### WHAT THE EXERCISE ASKS
Look below for the line that contains "Mercedes-Benz SL 560", then quote it and all the lines after it, exactly, with the pictures left out.

### DATA TO USE
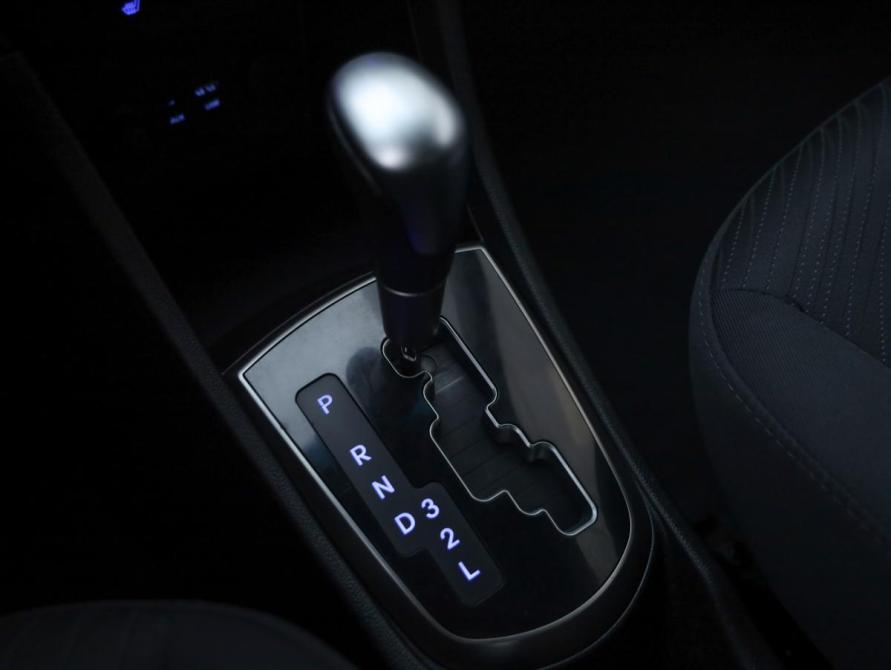 Hyundai Solaris I Рестайлинг Санкт-Петербург  - изображение 17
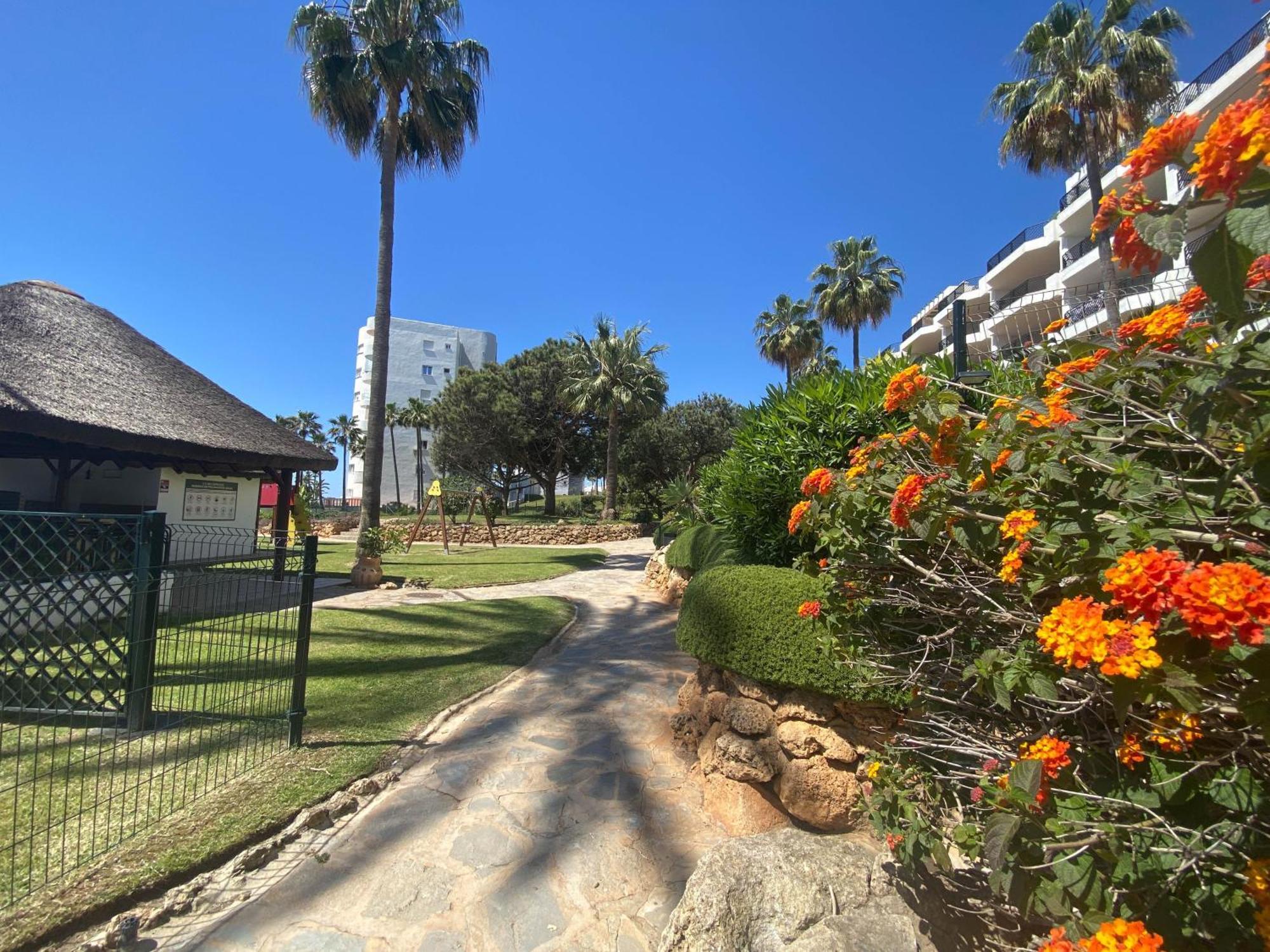 Frontline Beach Ground Floor With Privet Garden, Mi Capricho 16 Mijas Exterior foto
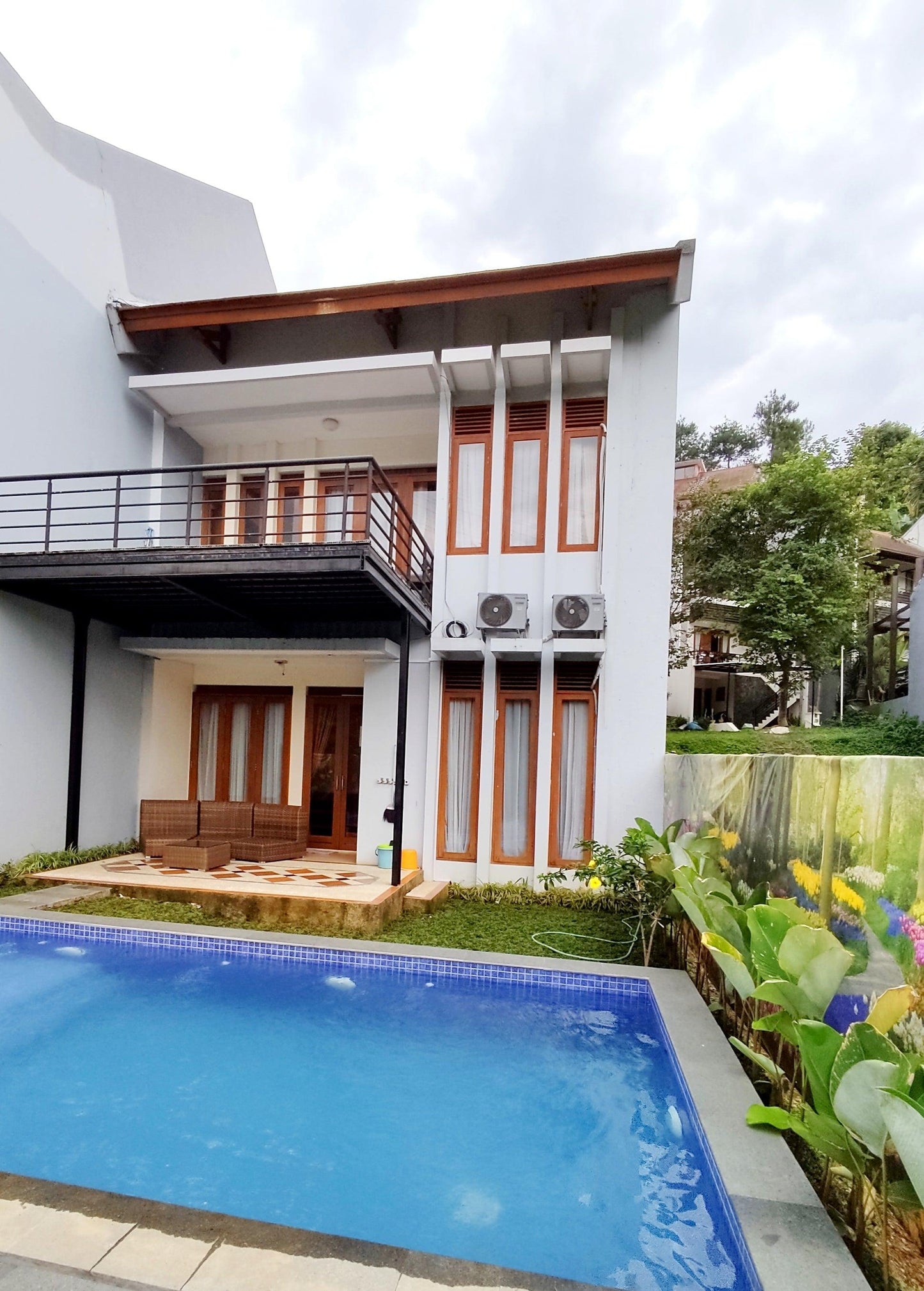 Villa Dago Mawar Syariah, 3+1 BR, Private Swimming Pool, Family Only - Sewa Villa di Bandung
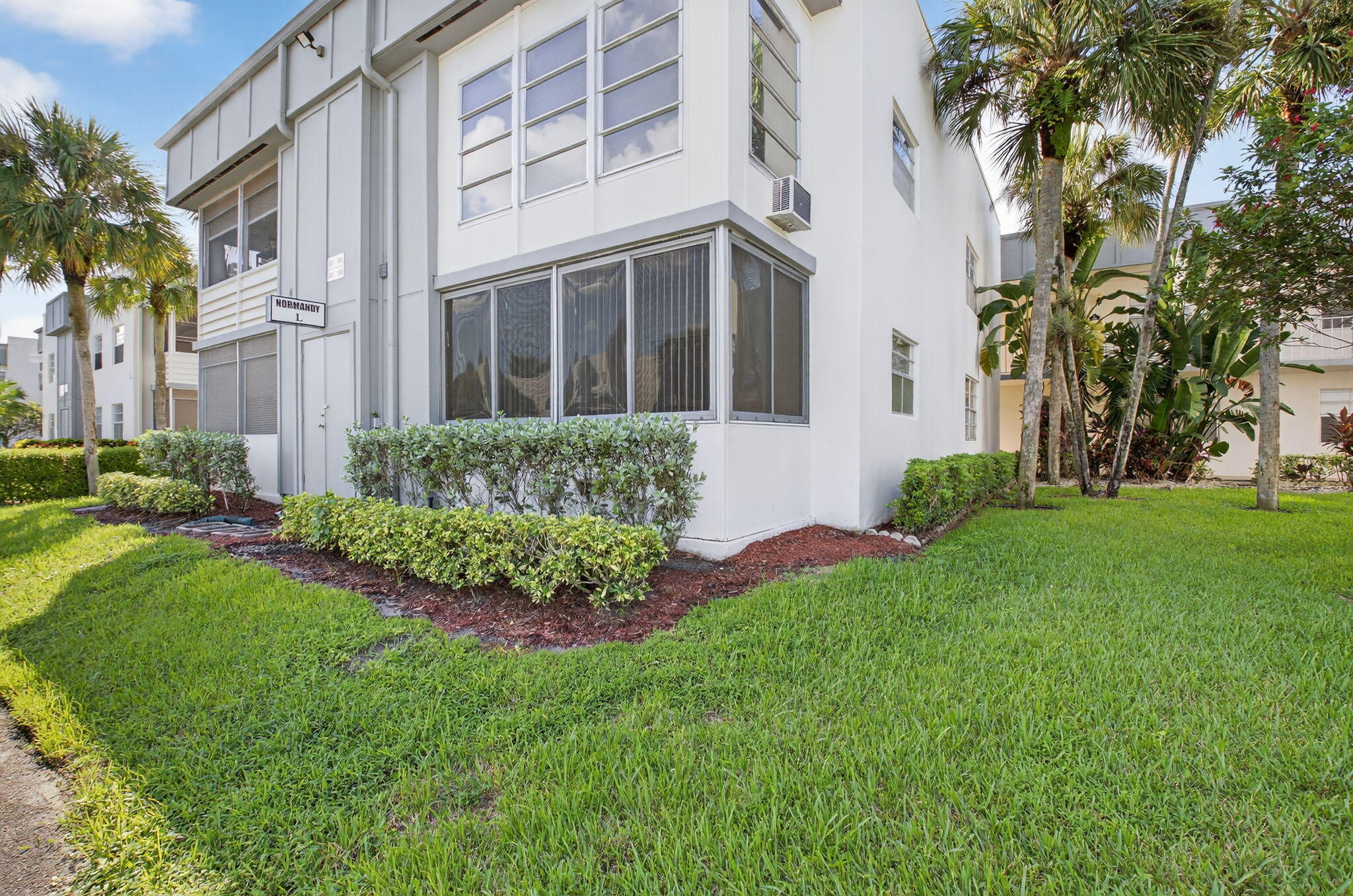 538 Normandy Lane Delray Beach, FL 33484 - Photo 21 of 66 1-web-or-mls-009_DSC_3428
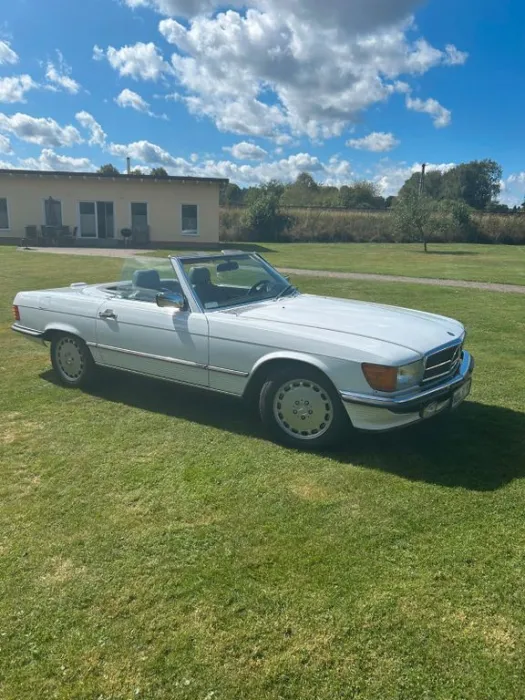 Mercedes-Benz SL 560
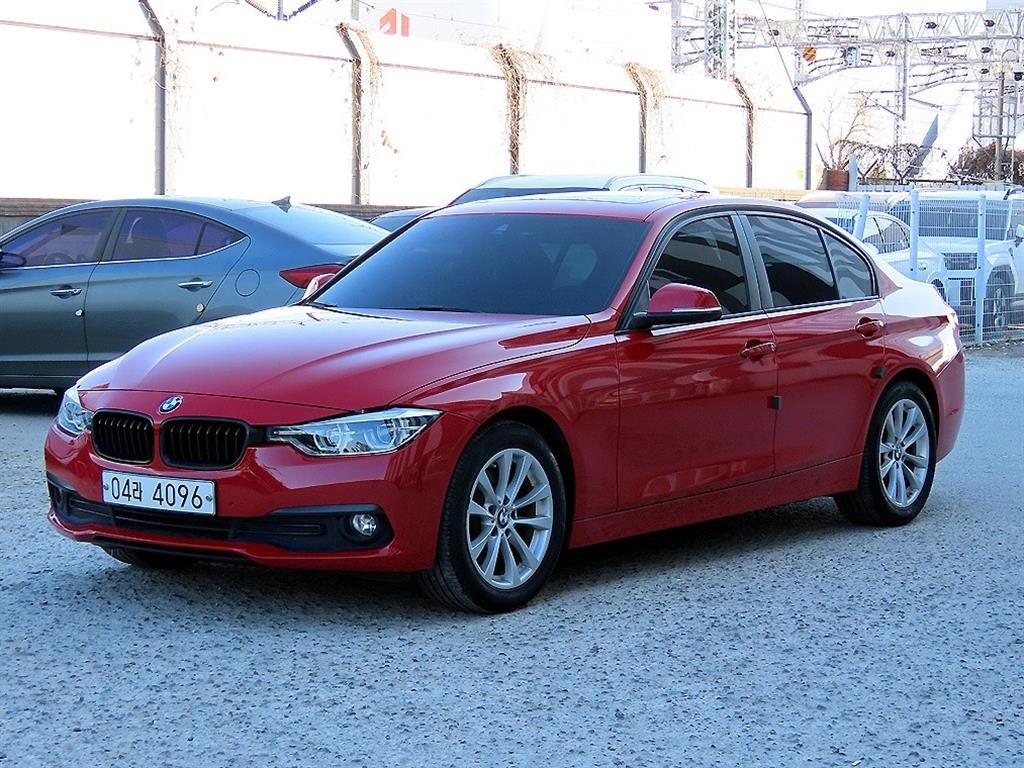 BMW 3시리즈 3시리즈 (F30) 320d 이미지 2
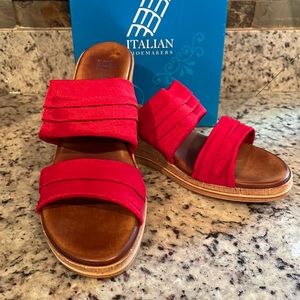 Italian Shoemakers - Mady, size 9 1/2, wedges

### WRITTEN ANSWER
 Mercedes-Benz SL 560
 BMW 3시리즈 3시리즈 (F30) 320d 이미지 2
 Italian Shoemakers - Mady, size 9 1/2, wedges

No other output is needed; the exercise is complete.